**ACTIVITY**
Restate verbatim the span of lines below between the line with "The One Show - 25/07/2023" and the line with "Casino Ao Vivo vip345", including those two lines, and only that span.

**THE DATA**

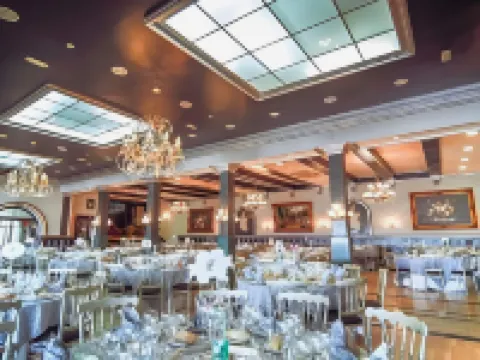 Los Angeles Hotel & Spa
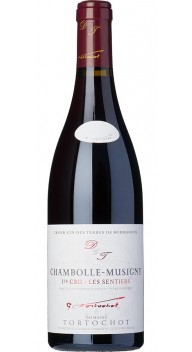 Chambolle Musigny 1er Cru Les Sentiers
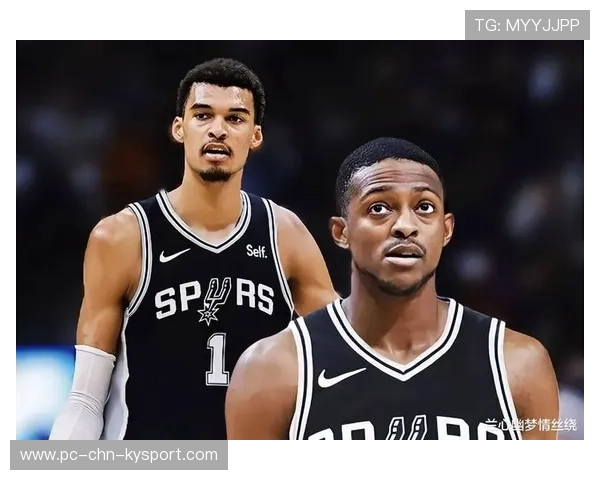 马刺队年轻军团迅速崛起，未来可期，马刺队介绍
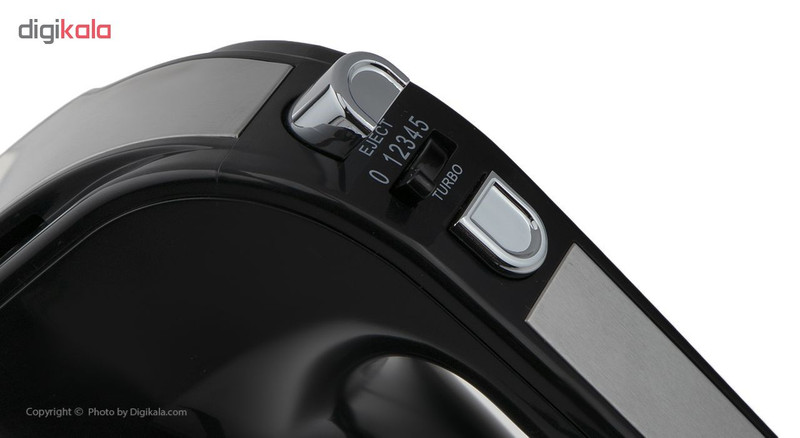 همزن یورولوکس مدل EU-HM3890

...

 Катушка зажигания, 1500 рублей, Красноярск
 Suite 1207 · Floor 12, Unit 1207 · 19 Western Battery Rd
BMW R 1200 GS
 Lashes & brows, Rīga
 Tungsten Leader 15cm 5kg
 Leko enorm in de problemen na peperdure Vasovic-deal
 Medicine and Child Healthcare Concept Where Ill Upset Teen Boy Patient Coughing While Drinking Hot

...

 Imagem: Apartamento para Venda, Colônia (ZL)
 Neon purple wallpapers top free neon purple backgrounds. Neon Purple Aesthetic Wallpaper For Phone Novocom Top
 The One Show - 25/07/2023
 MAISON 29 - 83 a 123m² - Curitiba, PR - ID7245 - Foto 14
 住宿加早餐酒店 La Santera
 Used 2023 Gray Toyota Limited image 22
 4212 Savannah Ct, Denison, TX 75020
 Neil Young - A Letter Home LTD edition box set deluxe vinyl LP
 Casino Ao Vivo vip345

**OUTPUT OF THE TASK**
 The One Show - 25/07/2023
 MAISON 29 - 83 a 123m² - Curitiba, PR - ID7245 - Foto 14
 住宿加早餐酒店 La Santera
 Used 2023 Gray Toyota Limited image 22
 4212 Savannah Ct, Denison, TX 75020
 Neil Young - A Letter Home LTD edition box set deluxe vinyl LP
 Casino Ao Vivo vip345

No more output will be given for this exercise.